As we recover from the Great Recession, some traditionally male jobs will return—men are almost always harder-hit than women in economic downturns because construction and manufacturing are more cyclical than service industries—but that won’t change the long-term trend. When we look back on this period, argues Jamie Ladge, a business professor at Northeastern University, we will see it as a “turning point for women in the workforce.”

The economic and cultural power shift from men to women would be hugely significant even if it never extended beyond working-class America. But women are also starting to dominate middle management, and a surprising number of professional careers as well. According to the Bureau of Labor Statistics, women now hold 51.4 percent of managerial and professional jobs—up from 26.1 percent in 1980. They make up 54 percent of all accountants and hold about half of all banking and insurance jobs.
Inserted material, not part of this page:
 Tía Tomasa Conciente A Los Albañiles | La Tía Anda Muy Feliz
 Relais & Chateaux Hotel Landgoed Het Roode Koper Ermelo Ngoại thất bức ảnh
About a third of America’s physicians are now women, as are 45 percent of associates in law firms—and both those percentages are rising fast. A white-collar economy values raw intellectual horsepower, which men and women have in equal amounts. It also requires communication skills and social intelligence, areas in which women, according to many studies, have a slight edge. Perhaps most important—for better or worse—it increasingly requires formal education credentials, which women are more prone to acquire, particularly early in adulthood. Just about the only professions in which women still make up a relatively small minority of newly minted workers are engineering and those calling on a hard-science background, and even in those areas, women have made strong gains since the 1970s.
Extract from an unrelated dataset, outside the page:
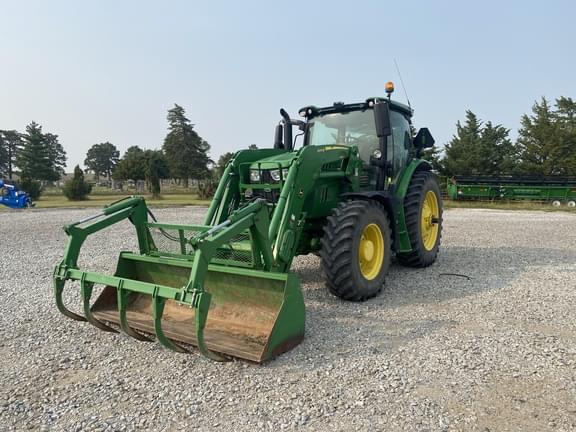 Image of John Deere 6155R equipment image 3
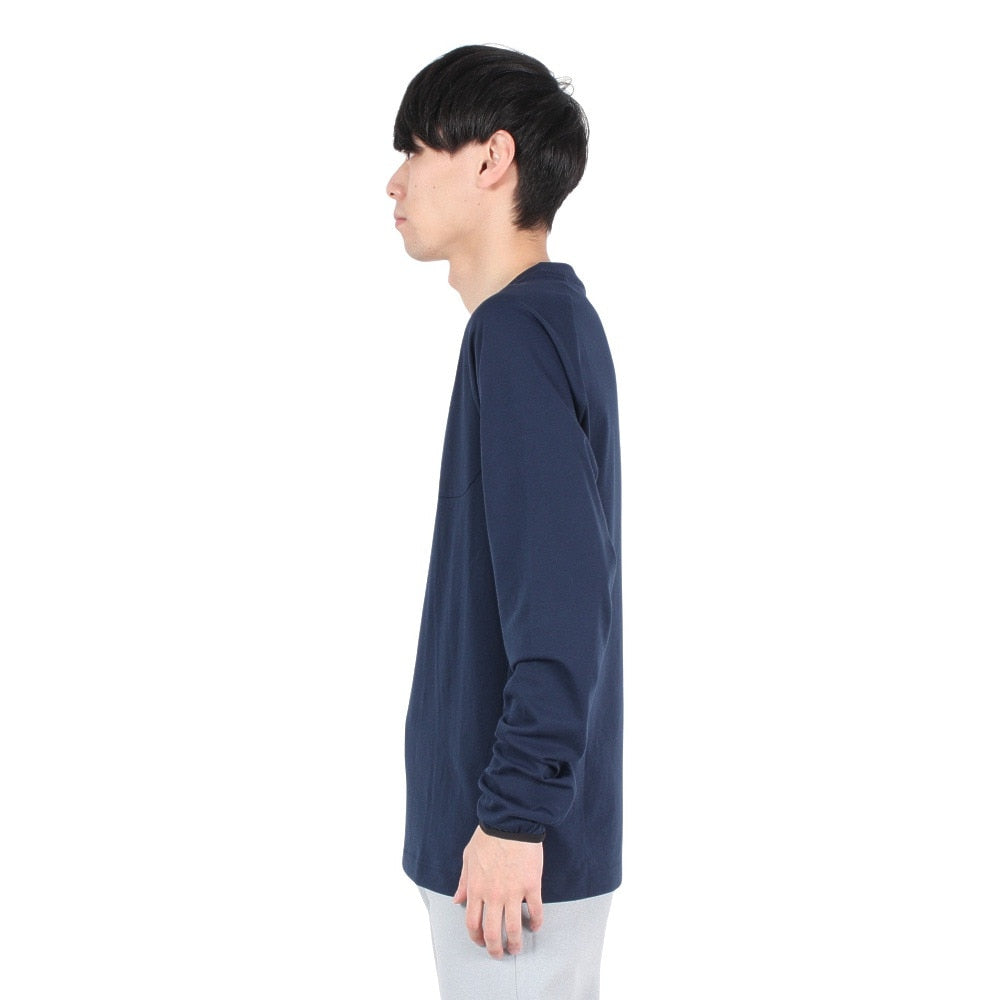TECH 長袖Tシャツ 681839 14 NVY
Office work has been steadily adapting to women—and in turn being reshaped by them—for 30 years or more. Joel Garreau picks up on this phenomenon in his 1991 book, Edge City, which explores the rise of suburbs that are home to giant swaths of office space along with the usual houses and malls. Companies began moving out of the city in search not only of lower rent but also of the “best educated, most conscientious, most stable workers.” They found their brightest prospects among “underemployed females living in middle-class communities on the fringe of the old urban areas.” As Garreau chronicles the rise of suburban office parks, he places special emphasis on 1978, the peak year for women entering the workforce. When brawn was off the list of job requirements, women often measured up better than men. They were smart, dutiful, and, as long as employers could make the jobs more convenient for them, more reliable. The 1999 movie Office Space was maybe the first to capture how alien and dispiriting the office park can be for men. Disgusted by their jobs and their boss, Peter and his two friends embezzle money and start sleeping through their alarm clocks. At the movie’s end, a male co-worker burns down the office park, and Peter abandons desk work for a job in construction.

Near the top of the jobs pyramid, of course, the upward march of women stalls. Prominent female CEOs, past and present, are so rare that they count as minor celebrities, and most of us can tick off their names just from occasionally reading the business pages: Meg Whitman at eBay, Carly Fiorina at Hewlett-Packard, Anne Mulcahy and Ursula Burns at Xerox, Indra Nooyi at PepsiCo; the accomplishment is considered so extraordinary that Whitman and Fiorina are using it as the basis for political campaigns. Only 3 percent of Fortune 500 CEOs are women, and the number has never risen much above that.

But even the way this issue is now framed reveals that men’s hold on power in elite circles may be loosening. In business circles, the lack of women at the top is described as a “brain drain” and a crisis of “talent retention.” And while female CEOs may be rare in America’s largest companies, they are highly prized: last year, they outearned their male counterparts by 43 percent, on average, and received bigger raises.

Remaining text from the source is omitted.